By Taju Tijani

Africa’s most embarrassing nation, Nigeria, has once again fallen into an embarrassing hell hole. In a most audaciously embarrassing moment, blinded, blinkered and ignorant Nigerians are said to be queuing up to go and defend Ukraine in its war with the Russian forces. When I read that, I did not know what to do – cry, laugh or remain unmoved by any emotion.

Even as we deplore the violence and the loss of lives in Ukraine resulting from the Russian intervention (and the neo-fascist violence in the Donbas), it is valuable to step back and look at how the rest of the world may perceive this conflict, starting with the West’s ethnocentric interest in an attack whose participants and victims they believe share aspects of identity whether related to continent, weather, culture, music, religion or pigmentation.

War in Ukraine joins a sequence of wars that have opened sores on a very fragile planet. Wars in Africa and Middle East seem endless, and some of them are rarely commented upon with any feeling in media outlets across the world or in the cascade of posts found on social media platforms. For example, the war in the Democratic Republic of the Congo, which began in 1996 and resulted in millions of casualties, has not elicited the kind of universal sympathy the world now shows, especially in the reporting in Ukraine. In contrast, the startlingly partisan comments from political leaders and journalists during the conflict in Ukraine have revealed the grip of racism on the imaginations of these moulders of public opinion.

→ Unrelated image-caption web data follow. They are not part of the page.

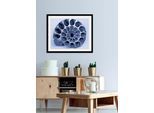 Bild QUEENCE "Christoph", blau (farbe rahmen: schwarz, farbe bild(er): blau), B:40cm H:30cm, Acrylglas, Holz, Papier, Bilder, Bild, HD Premium Poster-Druck inkl. Holzrahmen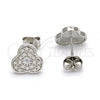 Sterling Silver Stud Earring, with White Cubic Zirconia, Polished, Rhodium Finish, 02.186.0149.1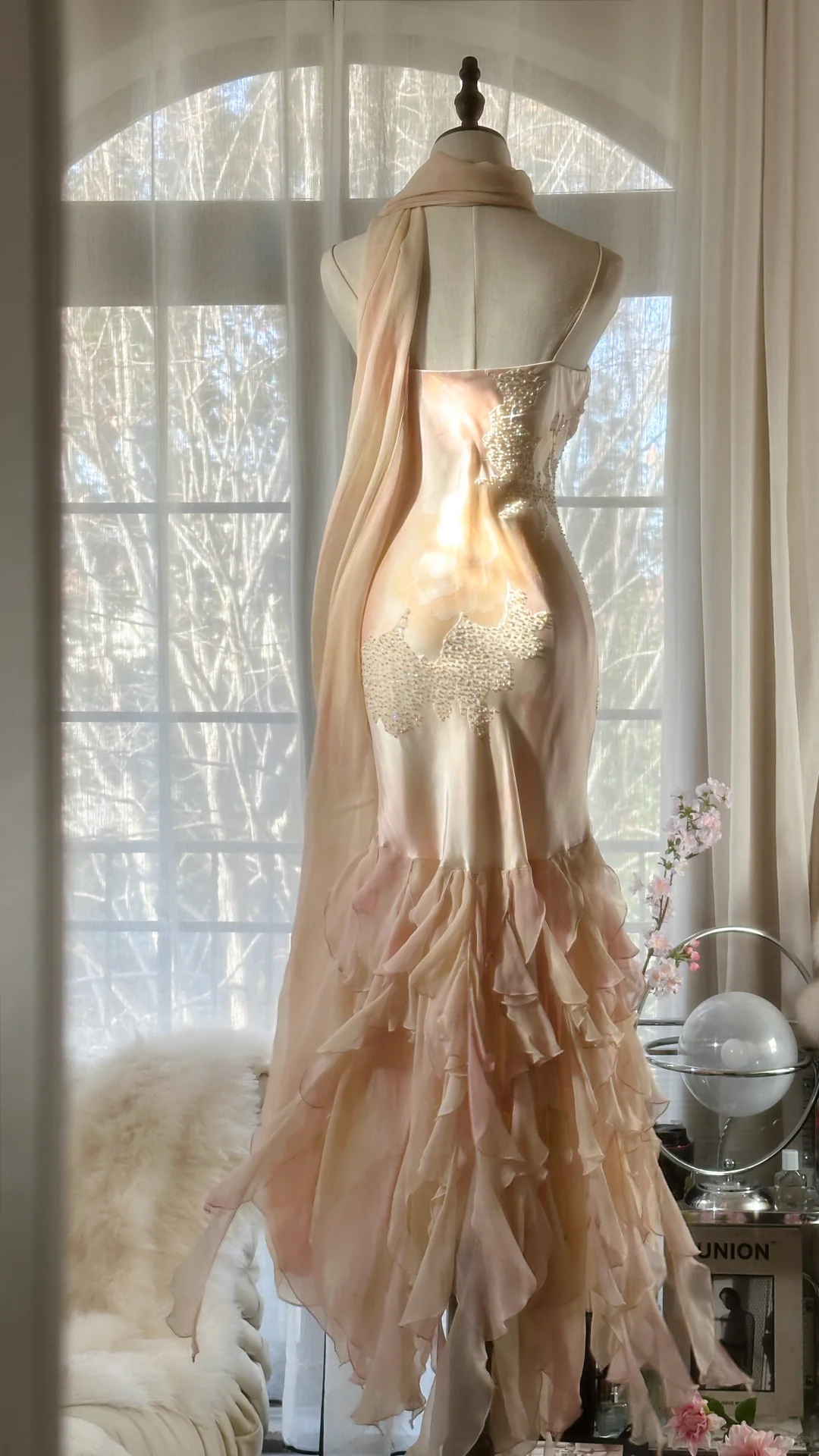 Vintage Mermaid Beaded Floral Design Romantic Chiffon Evening Dress Prom Dress TP4014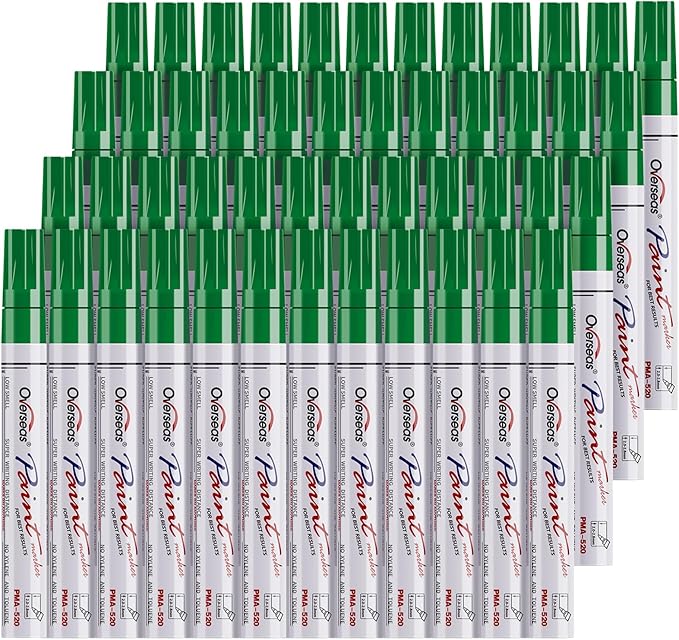 Overseas 48 Green Paint Pens, Oil Based Permanent Markers Set - Quick Drying, Waterproof, Fade-Resistant, Medium Tip Paint Markers Bulk for Wood, Metal, Rock, Ceramic, Plastic, Canvas, Glass, Rubber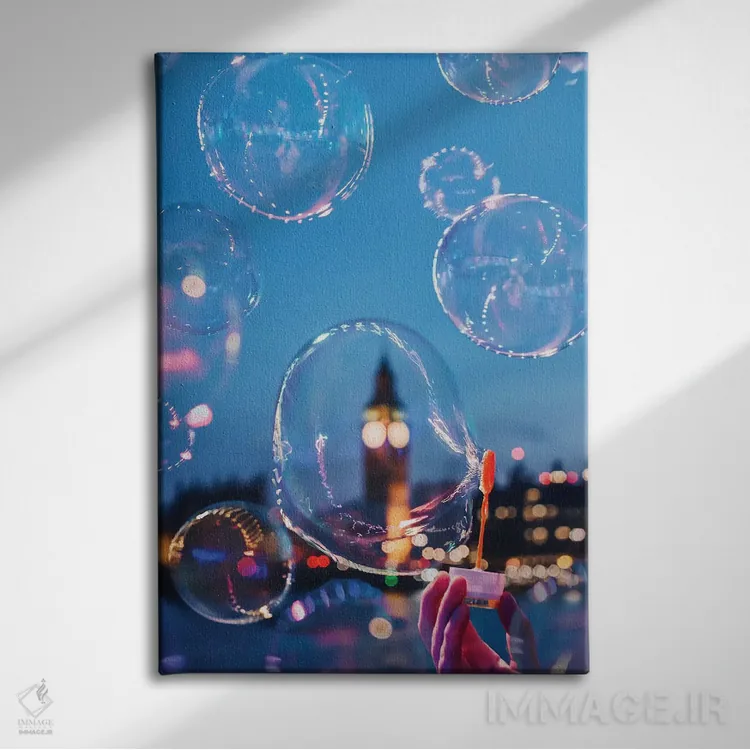 تابلو دکوراتیو حباب بن اثر هوبوپیبا - نمای روبهرو روی دیوار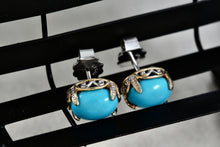 Load image into Gallery viewer, Michael Valitutti NH Sterling Silver Oval Blue Amazonite Stud Earrings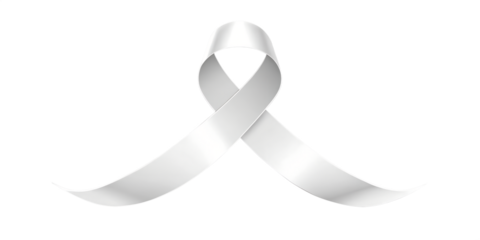 Elegant silver awareness ribbon isolated on transparent background represents solidarity and support for a cause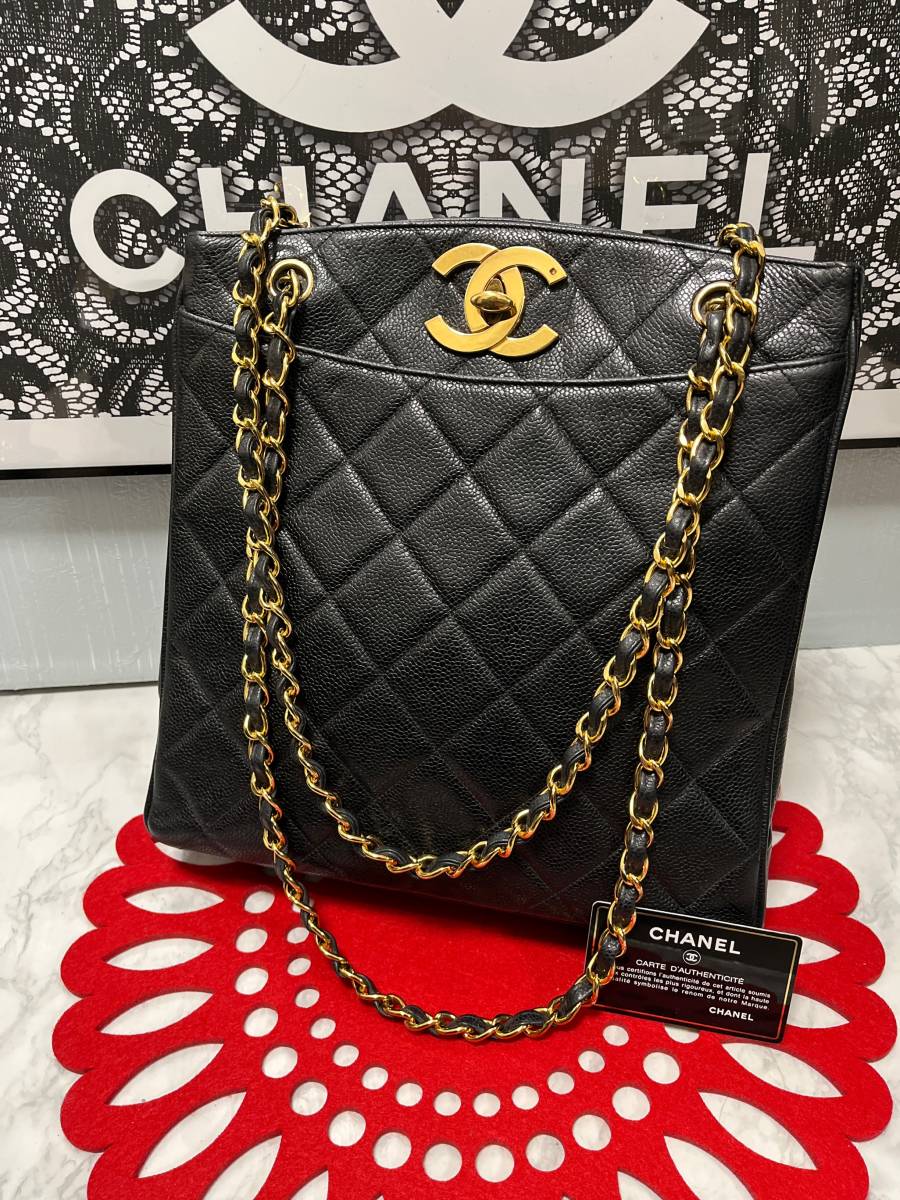 CHANEL シャネル トート バッグ キャビア スキン ヴィンテージ レア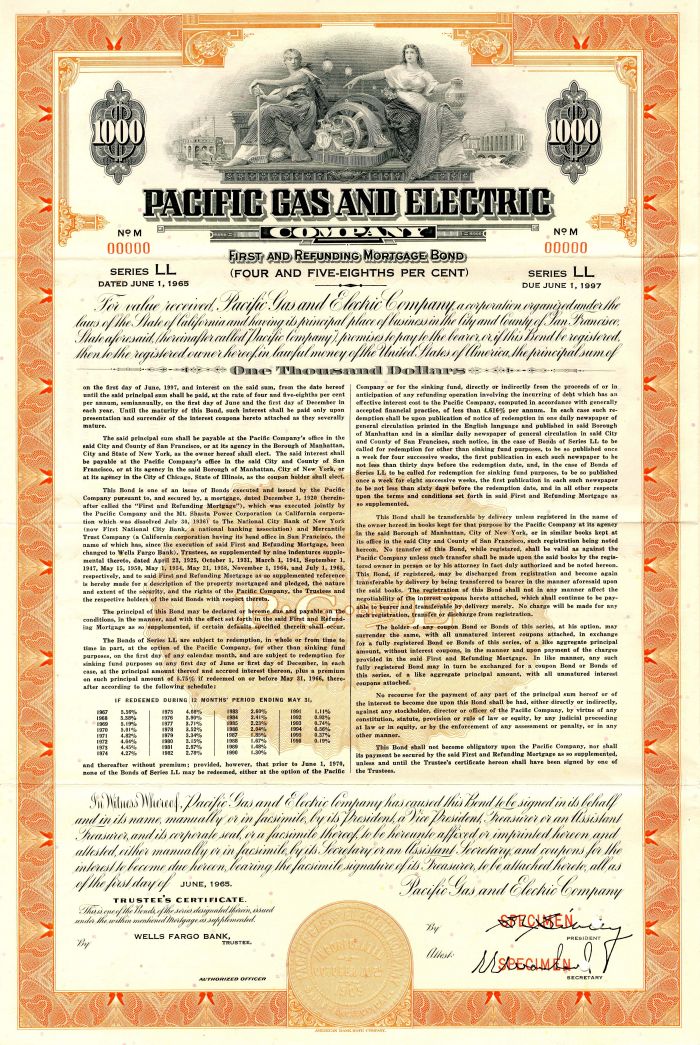 Pacific Gas and Electric Co. - PG&E - $1,000 Utility Specimen Bond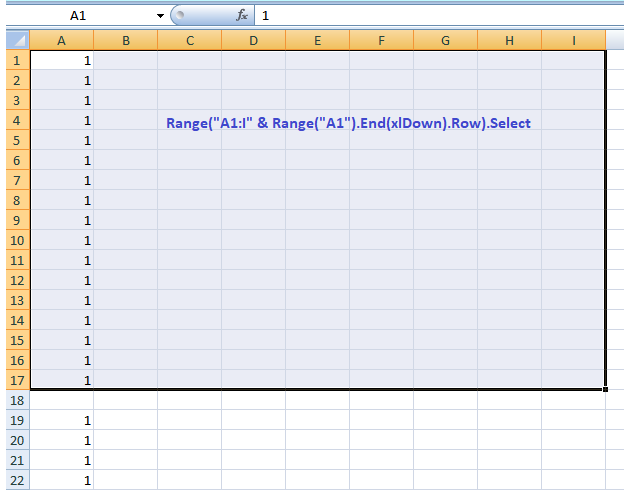 select range until row is blank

No one, which is to say the political and military forces in the North Atlantic states, cares about the suffering of children in Africa and the Middle East. They are, however, gripped by the war in Ukraine, but it should not be allowed to be seen as worse than other conflicts taking place across the globe that are much more brutal and are likely to slip out of everyone’s consciousness due to the lack of interest and attention given by world leaders and media outlets to them.

Charlie DAgata of CBS News said that Ukraine is not a place, with all due respect, like Iraq or Afghanistan, that has seen conflict raging for decades. This is a relatively civilized, relatively European – I have to choose those words carefully – city, where you would not expect that, or hope that (a conflict) is going to happen. Clearly, these are the things one expects to see in Kabul (Afghanistan) or Baghdad (Iraq) or Goma (the Democratic Republic of the Congo), but not in a relatively civilized, relatively European city in Ukraine. War in these black and brown regions does not need to elicit our outrage. Or so it seems. 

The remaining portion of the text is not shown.